(Short web captions)
>>>>
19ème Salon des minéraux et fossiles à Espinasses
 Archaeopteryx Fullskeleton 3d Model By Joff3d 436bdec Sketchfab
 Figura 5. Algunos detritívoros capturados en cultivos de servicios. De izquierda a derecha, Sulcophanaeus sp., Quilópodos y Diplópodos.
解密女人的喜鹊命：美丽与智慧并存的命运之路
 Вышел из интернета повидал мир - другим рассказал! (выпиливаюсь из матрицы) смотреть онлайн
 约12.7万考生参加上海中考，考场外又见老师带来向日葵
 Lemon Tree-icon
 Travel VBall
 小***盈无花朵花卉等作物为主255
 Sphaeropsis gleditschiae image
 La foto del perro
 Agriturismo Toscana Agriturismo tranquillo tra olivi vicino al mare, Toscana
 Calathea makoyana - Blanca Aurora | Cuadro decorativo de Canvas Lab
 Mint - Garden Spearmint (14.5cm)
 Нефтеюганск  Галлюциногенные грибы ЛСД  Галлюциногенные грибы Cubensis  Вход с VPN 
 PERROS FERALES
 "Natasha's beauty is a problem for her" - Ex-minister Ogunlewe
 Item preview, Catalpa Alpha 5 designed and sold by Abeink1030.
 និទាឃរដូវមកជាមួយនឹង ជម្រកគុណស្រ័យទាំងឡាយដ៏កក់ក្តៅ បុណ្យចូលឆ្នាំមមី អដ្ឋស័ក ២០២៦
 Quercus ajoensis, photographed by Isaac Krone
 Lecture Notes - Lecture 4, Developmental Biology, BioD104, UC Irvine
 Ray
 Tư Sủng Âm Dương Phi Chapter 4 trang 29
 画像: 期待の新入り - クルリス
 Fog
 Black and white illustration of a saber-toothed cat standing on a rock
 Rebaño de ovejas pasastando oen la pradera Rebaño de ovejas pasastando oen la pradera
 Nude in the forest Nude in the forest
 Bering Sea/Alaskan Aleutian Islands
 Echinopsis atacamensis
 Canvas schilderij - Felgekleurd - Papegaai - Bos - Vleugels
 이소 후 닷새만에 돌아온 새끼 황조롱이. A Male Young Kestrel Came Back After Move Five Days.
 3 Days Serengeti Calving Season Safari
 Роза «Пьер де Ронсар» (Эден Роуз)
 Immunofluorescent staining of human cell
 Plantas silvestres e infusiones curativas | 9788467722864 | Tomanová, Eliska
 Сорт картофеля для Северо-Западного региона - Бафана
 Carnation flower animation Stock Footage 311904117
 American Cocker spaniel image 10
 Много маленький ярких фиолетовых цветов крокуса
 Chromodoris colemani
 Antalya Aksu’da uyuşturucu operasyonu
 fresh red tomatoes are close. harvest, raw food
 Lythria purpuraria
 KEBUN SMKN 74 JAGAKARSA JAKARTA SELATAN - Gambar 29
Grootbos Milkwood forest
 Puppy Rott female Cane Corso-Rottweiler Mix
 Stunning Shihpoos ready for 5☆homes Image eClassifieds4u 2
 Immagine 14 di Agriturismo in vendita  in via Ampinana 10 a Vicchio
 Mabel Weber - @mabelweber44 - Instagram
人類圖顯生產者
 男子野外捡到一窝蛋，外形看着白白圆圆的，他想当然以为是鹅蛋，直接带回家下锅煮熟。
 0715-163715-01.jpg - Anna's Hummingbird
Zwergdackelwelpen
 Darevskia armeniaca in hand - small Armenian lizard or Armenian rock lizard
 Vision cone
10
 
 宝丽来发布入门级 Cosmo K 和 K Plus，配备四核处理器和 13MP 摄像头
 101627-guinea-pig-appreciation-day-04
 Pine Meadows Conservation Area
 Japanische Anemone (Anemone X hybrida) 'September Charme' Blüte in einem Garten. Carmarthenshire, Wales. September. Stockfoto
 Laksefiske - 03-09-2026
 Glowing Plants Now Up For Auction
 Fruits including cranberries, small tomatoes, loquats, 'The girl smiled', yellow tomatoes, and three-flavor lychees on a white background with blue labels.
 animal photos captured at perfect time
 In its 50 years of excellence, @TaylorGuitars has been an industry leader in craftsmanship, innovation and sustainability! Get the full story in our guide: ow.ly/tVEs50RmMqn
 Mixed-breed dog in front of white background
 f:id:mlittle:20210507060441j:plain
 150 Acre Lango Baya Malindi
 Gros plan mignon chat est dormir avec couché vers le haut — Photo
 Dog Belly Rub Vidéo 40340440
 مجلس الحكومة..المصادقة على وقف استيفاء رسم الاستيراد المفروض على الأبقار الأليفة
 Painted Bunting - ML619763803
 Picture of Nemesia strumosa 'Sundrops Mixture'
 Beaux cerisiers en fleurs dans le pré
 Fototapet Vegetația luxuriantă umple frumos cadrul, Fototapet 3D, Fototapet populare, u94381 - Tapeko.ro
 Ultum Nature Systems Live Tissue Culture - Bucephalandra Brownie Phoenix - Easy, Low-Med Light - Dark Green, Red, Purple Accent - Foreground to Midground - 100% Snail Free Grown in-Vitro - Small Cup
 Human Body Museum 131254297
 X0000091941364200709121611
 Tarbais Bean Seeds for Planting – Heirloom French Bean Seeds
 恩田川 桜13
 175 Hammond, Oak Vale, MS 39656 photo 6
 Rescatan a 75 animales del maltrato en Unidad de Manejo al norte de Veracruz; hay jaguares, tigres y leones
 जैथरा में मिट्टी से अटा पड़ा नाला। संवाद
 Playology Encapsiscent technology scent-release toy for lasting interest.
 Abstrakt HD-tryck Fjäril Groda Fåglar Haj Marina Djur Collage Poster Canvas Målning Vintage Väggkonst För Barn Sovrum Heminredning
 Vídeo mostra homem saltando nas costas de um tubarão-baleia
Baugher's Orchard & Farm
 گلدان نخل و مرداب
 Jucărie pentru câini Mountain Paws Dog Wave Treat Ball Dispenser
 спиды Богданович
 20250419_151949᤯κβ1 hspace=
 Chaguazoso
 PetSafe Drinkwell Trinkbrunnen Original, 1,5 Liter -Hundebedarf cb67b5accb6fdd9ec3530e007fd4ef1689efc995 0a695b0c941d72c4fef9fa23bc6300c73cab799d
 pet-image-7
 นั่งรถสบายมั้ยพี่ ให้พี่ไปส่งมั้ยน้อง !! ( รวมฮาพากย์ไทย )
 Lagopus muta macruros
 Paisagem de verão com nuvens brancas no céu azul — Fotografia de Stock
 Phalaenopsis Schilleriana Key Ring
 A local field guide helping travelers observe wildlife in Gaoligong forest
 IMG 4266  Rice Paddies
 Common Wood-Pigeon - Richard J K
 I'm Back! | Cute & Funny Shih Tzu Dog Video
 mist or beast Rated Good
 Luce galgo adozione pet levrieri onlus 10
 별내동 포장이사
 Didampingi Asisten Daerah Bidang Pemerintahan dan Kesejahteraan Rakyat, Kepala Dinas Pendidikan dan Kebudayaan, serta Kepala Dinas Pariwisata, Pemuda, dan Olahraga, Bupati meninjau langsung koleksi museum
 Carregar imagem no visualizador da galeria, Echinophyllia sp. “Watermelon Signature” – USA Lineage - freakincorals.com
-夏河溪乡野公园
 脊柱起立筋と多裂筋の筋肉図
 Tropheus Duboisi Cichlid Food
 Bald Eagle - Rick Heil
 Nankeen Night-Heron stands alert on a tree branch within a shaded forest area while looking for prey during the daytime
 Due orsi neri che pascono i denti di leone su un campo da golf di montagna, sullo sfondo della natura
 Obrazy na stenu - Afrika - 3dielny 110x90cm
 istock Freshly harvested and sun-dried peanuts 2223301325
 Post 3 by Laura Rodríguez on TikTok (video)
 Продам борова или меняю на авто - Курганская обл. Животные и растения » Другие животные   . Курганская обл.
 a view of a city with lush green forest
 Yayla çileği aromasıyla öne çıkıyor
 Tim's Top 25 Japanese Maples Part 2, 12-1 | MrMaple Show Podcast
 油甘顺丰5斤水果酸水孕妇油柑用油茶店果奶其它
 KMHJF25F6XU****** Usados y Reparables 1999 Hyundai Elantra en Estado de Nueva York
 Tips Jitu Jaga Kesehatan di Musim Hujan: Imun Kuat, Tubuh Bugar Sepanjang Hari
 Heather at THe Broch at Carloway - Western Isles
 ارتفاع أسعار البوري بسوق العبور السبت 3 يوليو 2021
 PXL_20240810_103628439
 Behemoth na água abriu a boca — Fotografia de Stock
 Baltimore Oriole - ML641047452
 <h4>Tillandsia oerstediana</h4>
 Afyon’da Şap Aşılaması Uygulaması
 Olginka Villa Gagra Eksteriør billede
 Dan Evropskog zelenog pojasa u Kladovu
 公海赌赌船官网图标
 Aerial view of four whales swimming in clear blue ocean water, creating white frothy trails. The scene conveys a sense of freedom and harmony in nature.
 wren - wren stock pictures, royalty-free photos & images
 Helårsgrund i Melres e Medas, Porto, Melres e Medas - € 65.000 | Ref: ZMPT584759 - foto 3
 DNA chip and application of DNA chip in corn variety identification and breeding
<<<<
WORK REQUEST:
The expected answer is an exact copy of the lines above, beginning at the line with "f:id:mlittle:20210507060441j:plain" and ending at the line with "Ultum Nature Systems", with both ends in.

FINAL ANSWER:
 f:id:mlittle:20210507060441j:plain
 150 Acre Lango Baya Malindi
 Gros plan mignon chat est dormir avec couché vers le haut — Photo
 Dog Belly Rub Vidéo 40340440
 مجلس الحكومة..المصادقة على وقف استيفاء رسم الاستيراد المفروض على الأبقار الأليفة
 Painted Bunting - ML619763803
 Picture of Nemesia strumosa 'Sundrops Mixture'
 Beaux cerisiers en fleurs dans le pré
 Fototapet Vegetația luxuriantă umple frumos cadrul, Fototapet 3D, Fototapet populare, u94381 - Tapeko.ro
 Ultum Nature Systems Live Tissue Culture - Bucephalandra Brownie Phoenix - Easy, Low-Med Light - Dark Green, Red, Purple Accent - Foreground to Midground - 100% Snail Free Grown in-Vitro - Small Cup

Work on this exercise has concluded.